Problem description → Transcribe every line from the one containing "7233 Menchaca Road 3 Beds Apartment for Rent" to the end of the listing, exactly as written, and leave out the pictures.
START Given information
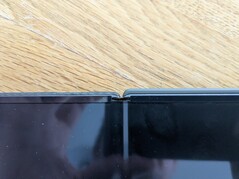 Det är inte bara vinkeln, det finns en hel del extra plast i Google-fodralet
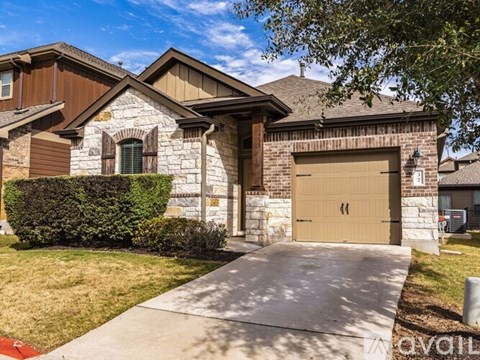 7233 Menchaca Road 3 Beds Apartment for Rent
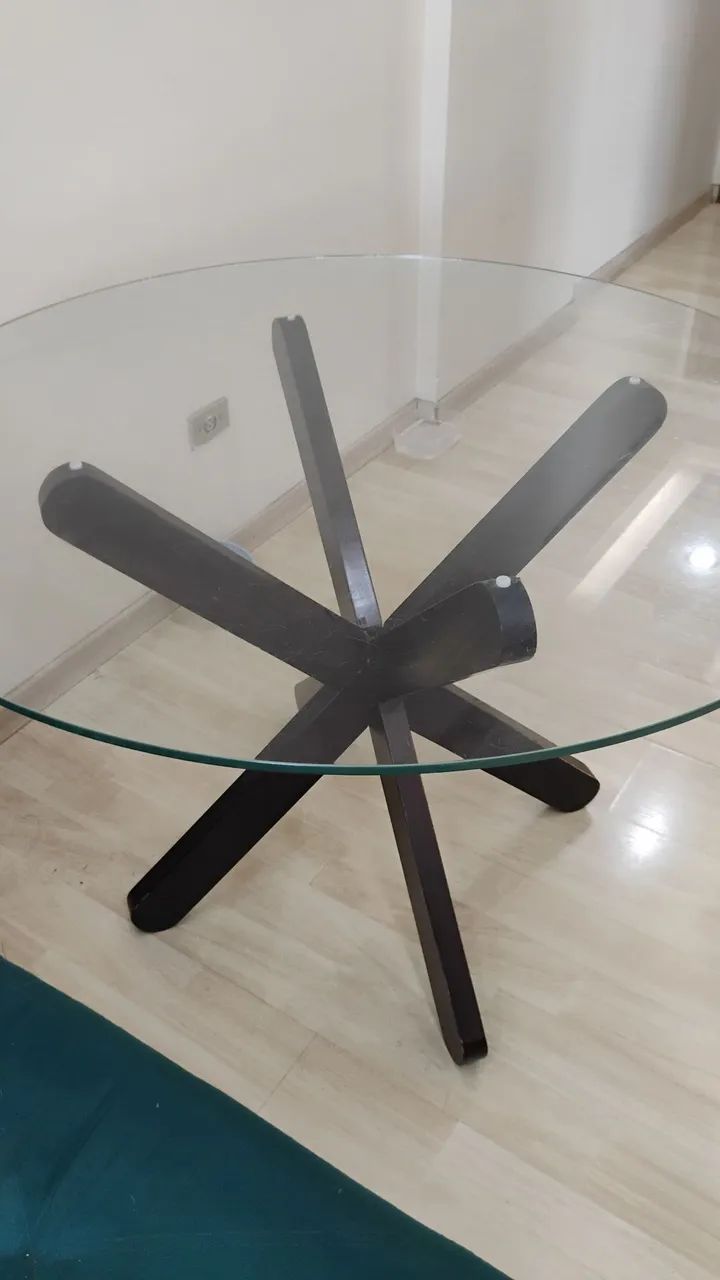 Mesa tampo de vidro redonda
END Given information
Result of the exercise →
 7233 Menchaca Road 3 Beds Apartment for Rent
 Mesa tampo de vidro redonda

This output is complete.